_YOUR ASSIGNMENT:_ Copy out the data exactly, leaving the pictures behind.

(Captioned web images)
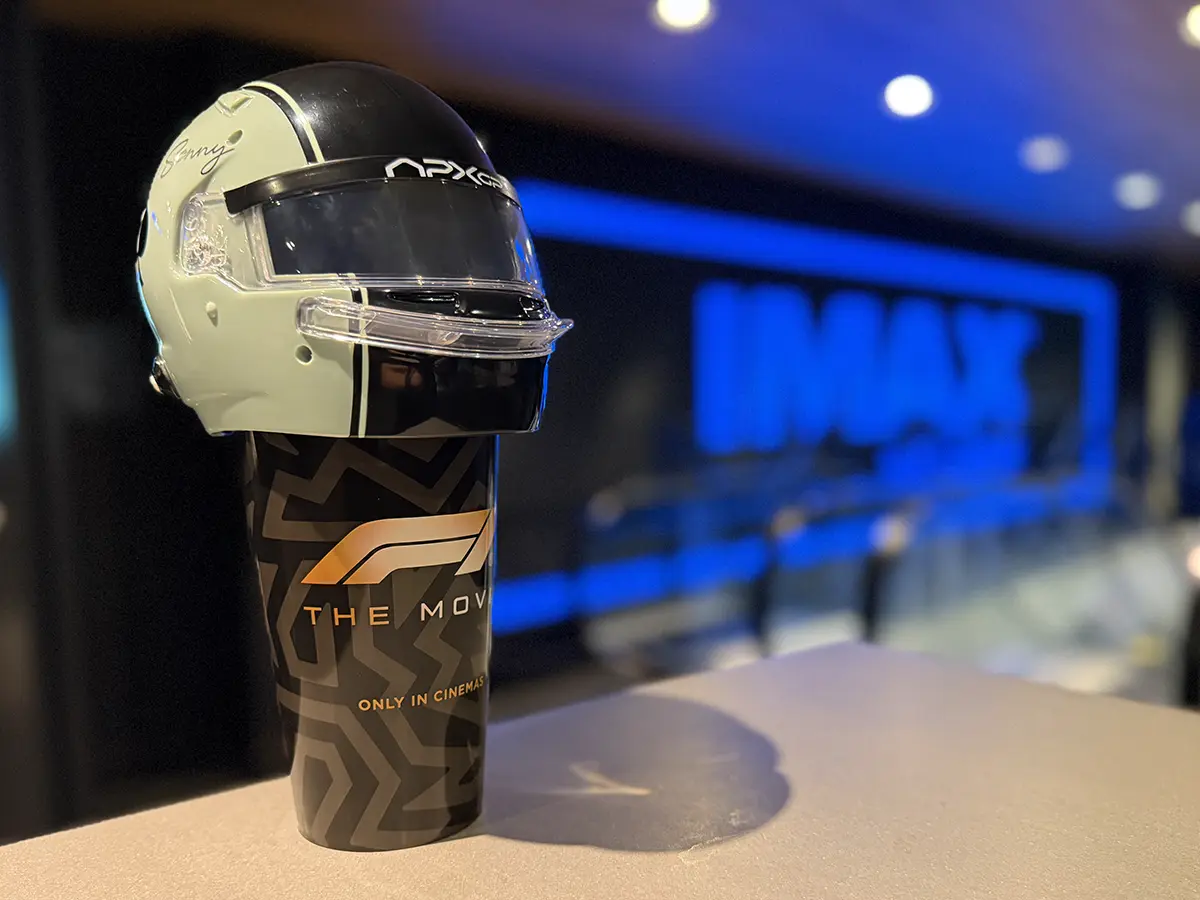 実はこんなにあった、「F1：ザ・ムービー」「APXGP」の購入できる公式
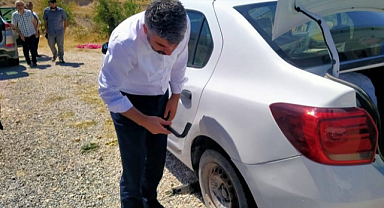 İşte gerçek vekil! HÜDA PAR Milletvekili yolda kalan arabanın tekerleğini değiştirdi
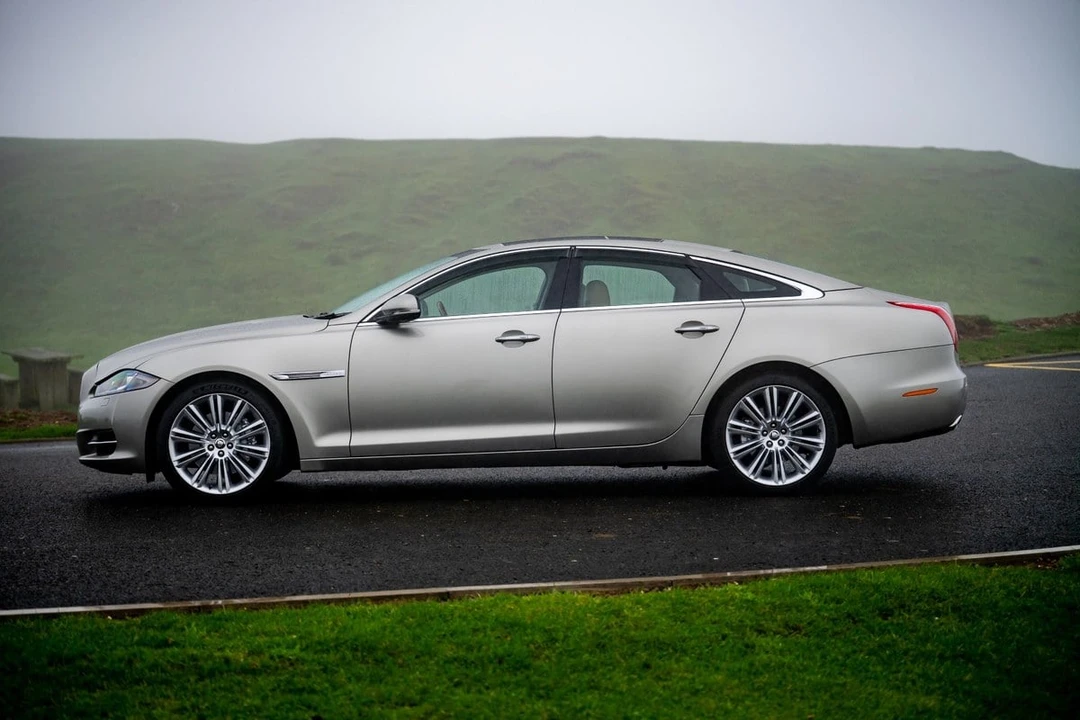 2012 Jaguar X351 XJ - Image 4 of 30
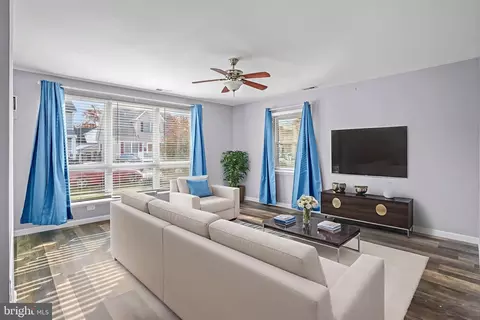 Living - 1208 Oak Ave, Shady Side, MD 20764 photo 1 of 2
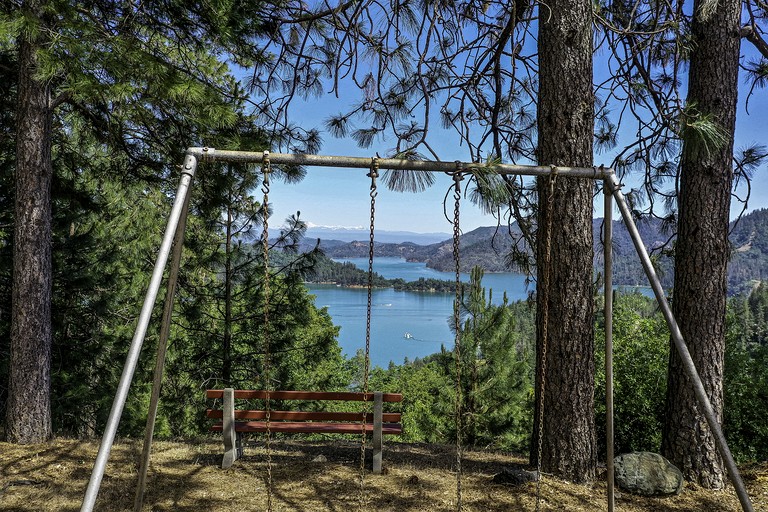 Cabins (United States of America, Lakehead, California)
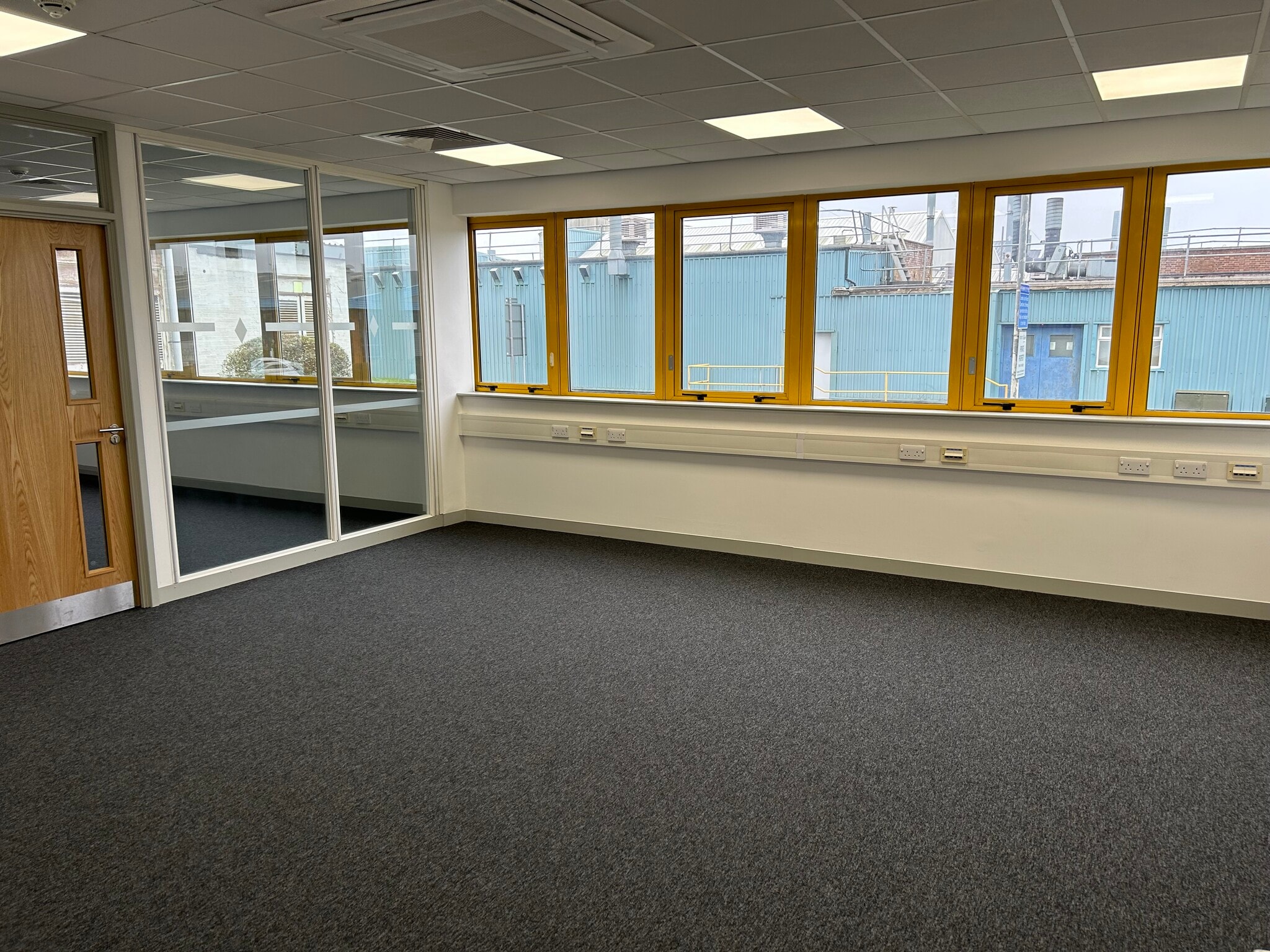 105 Frank Lester Way way, Luton à louer Photo intérieure– Image 1 sur 4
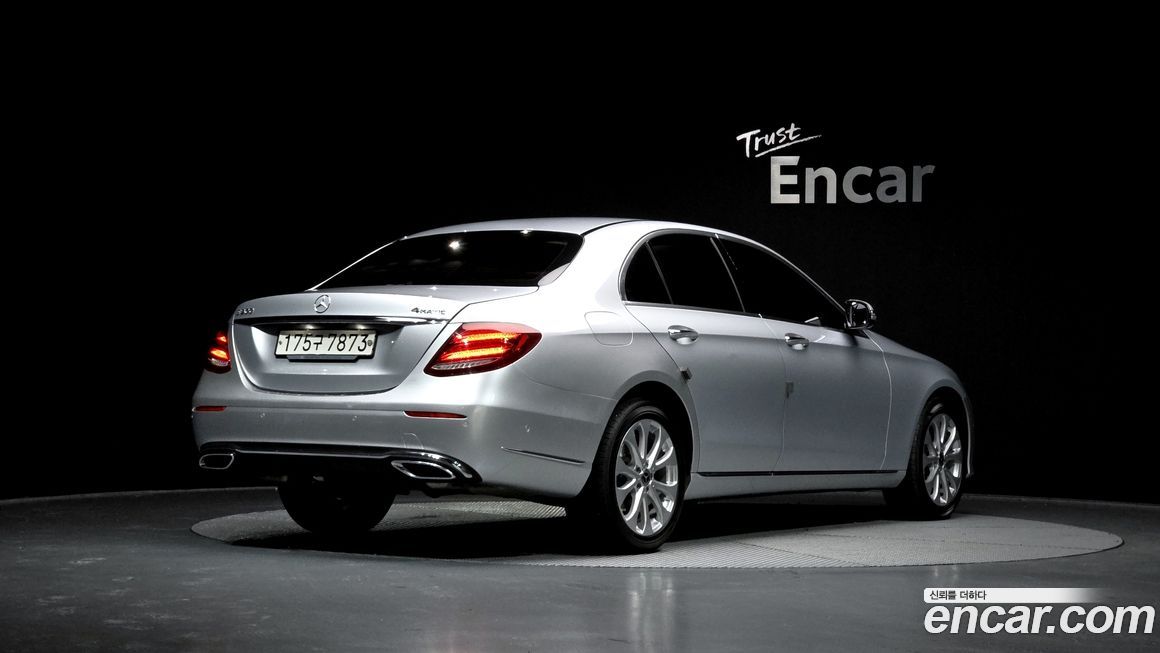 Mercedes-Benz E-Class 2020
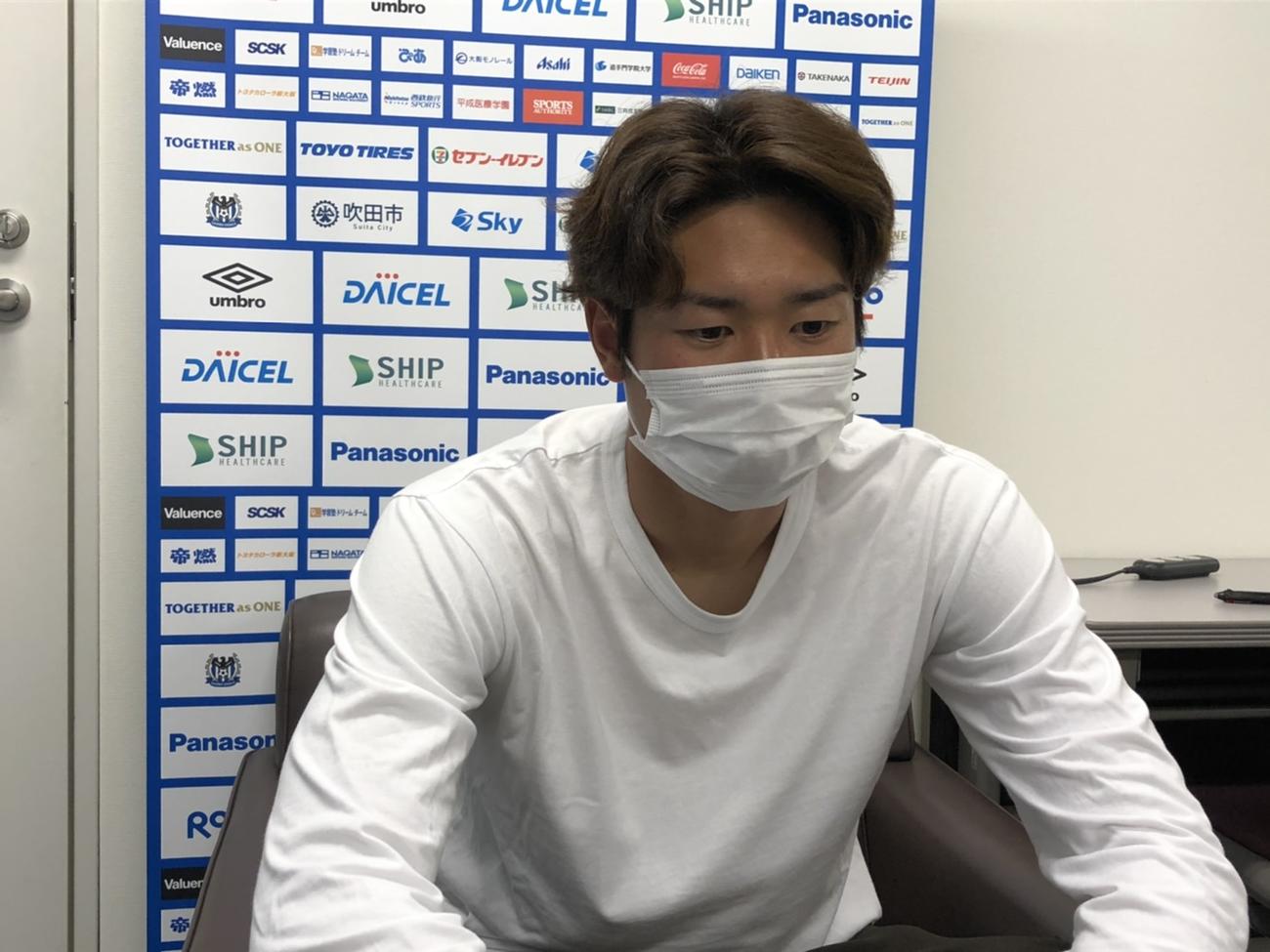 取材対応するG大阪DF三浦弦太（C）GAMBA OSAKA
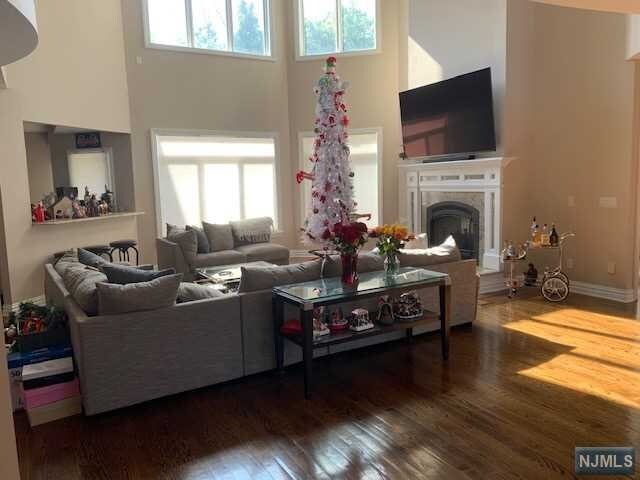 Foto del edificio - 45 Colonial Road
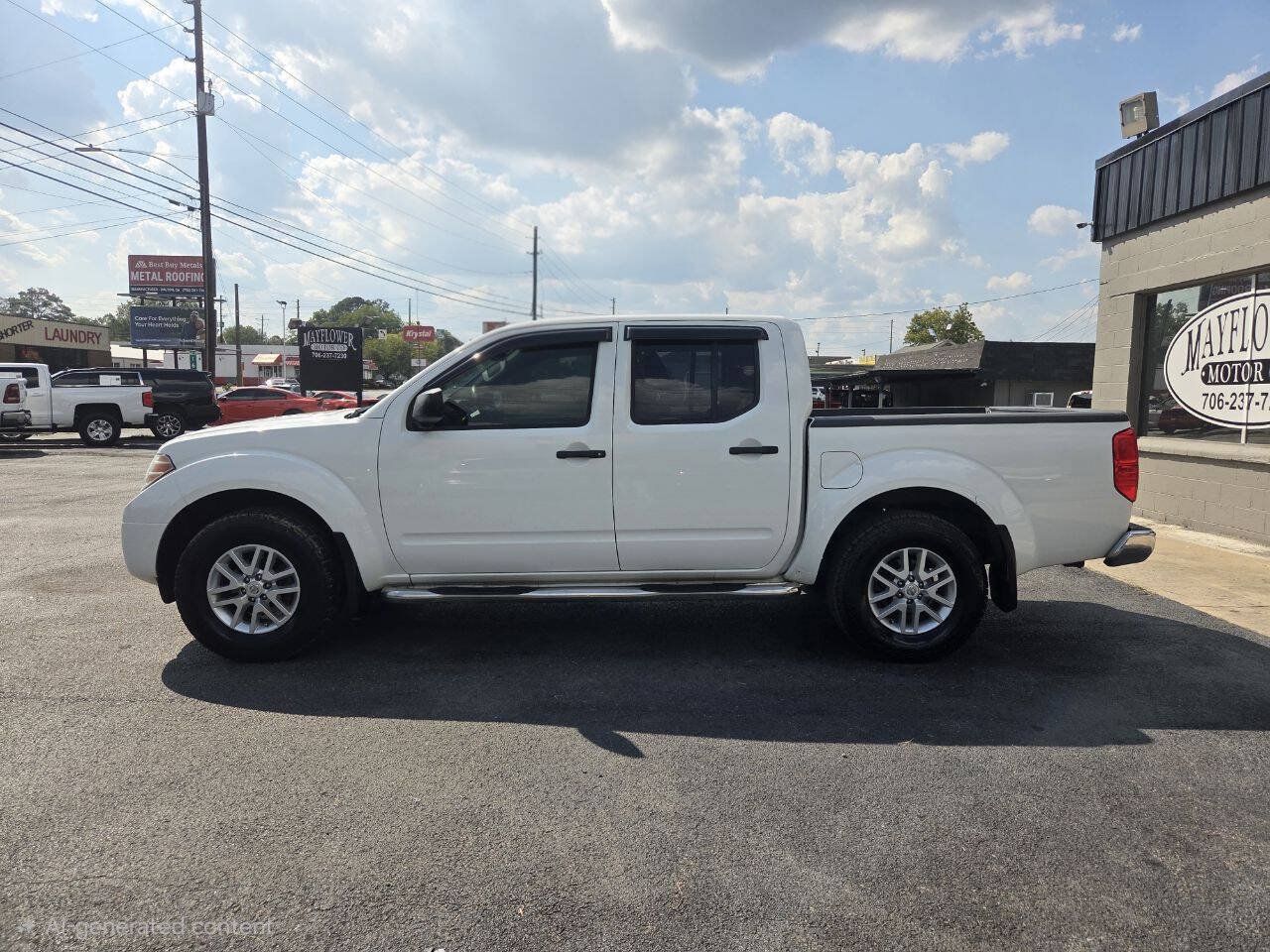 Used 2019 Nissan Frontier SV AWD/4WD image 3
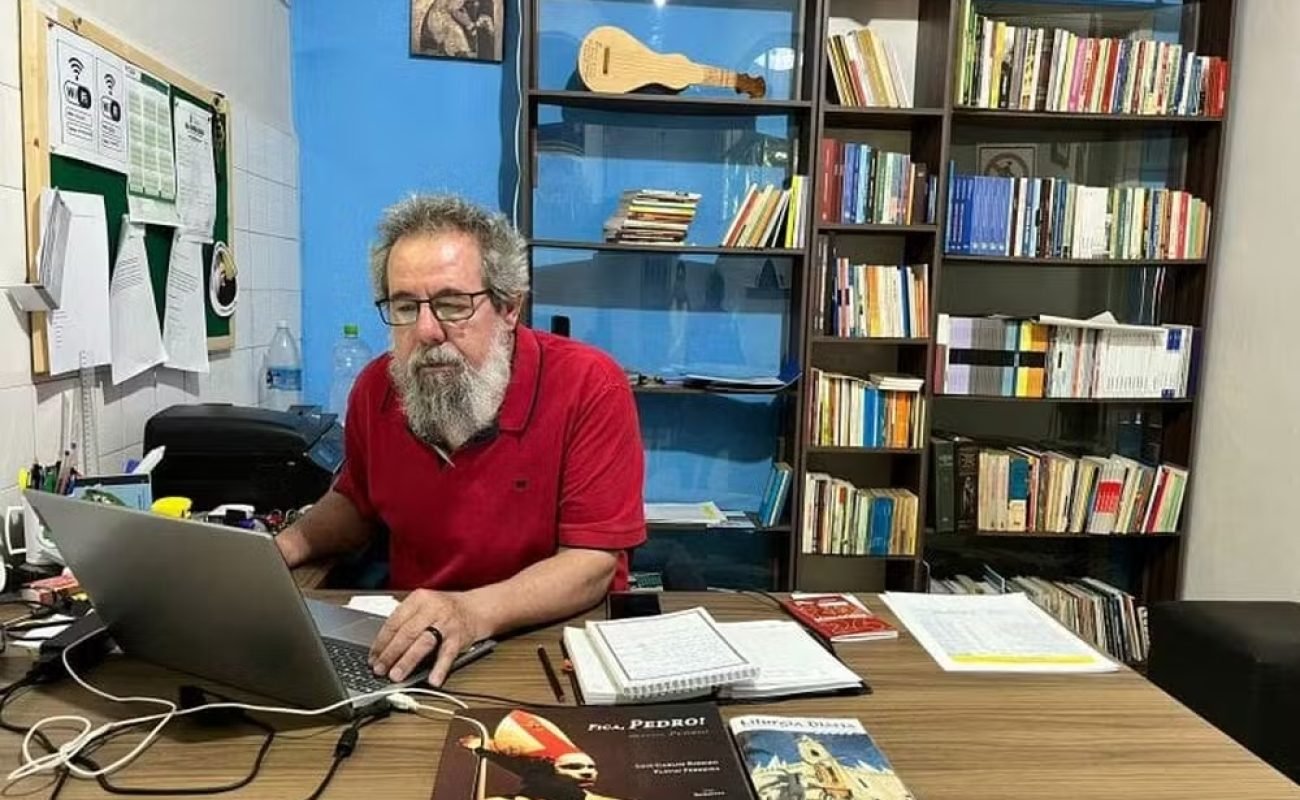 50e0da7b312e9d3a21c45e4974072f13-_1_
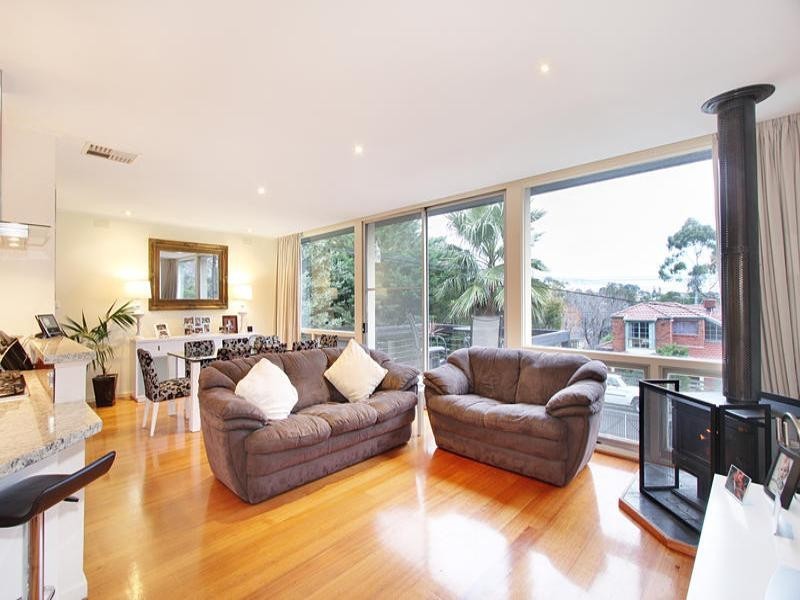 27 Sadie Street, Mount Waverley VIC 3149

_TASK RESPONSE:_
 実はこんなにあった、「F1：ザ・ムービー」「APXGP」の購入できる公式
 İşte gerçek vekil! HÜDA PAR Milletvekili yolda kalan arabanın tekerleğini değiştirdi
 2012 Jaguar X351 XJ - Image 4 of 30
 Living - 1208 Oak Ave, Shady Side, MD 20764 photo 1 of 2
 Cabins (United States of America, Lakehead, California)
 105 Frank Lester Way way, Luton à louer Photo intérieure– Image 1 sur 4
 Mercedes-Benz E-Class 2020
 取材対応するG大阪DF三浦弦太（C）GAMBA OSAKA
 Foto del edificio - 45 Colonial Road
 Used 2019 Nissan Frontier SV AWD/4WD image 3
 50e0da7b312e9d3a21c45e4974072f13-_1_
 27 Sadie Street, Mount Waverley VIC 3149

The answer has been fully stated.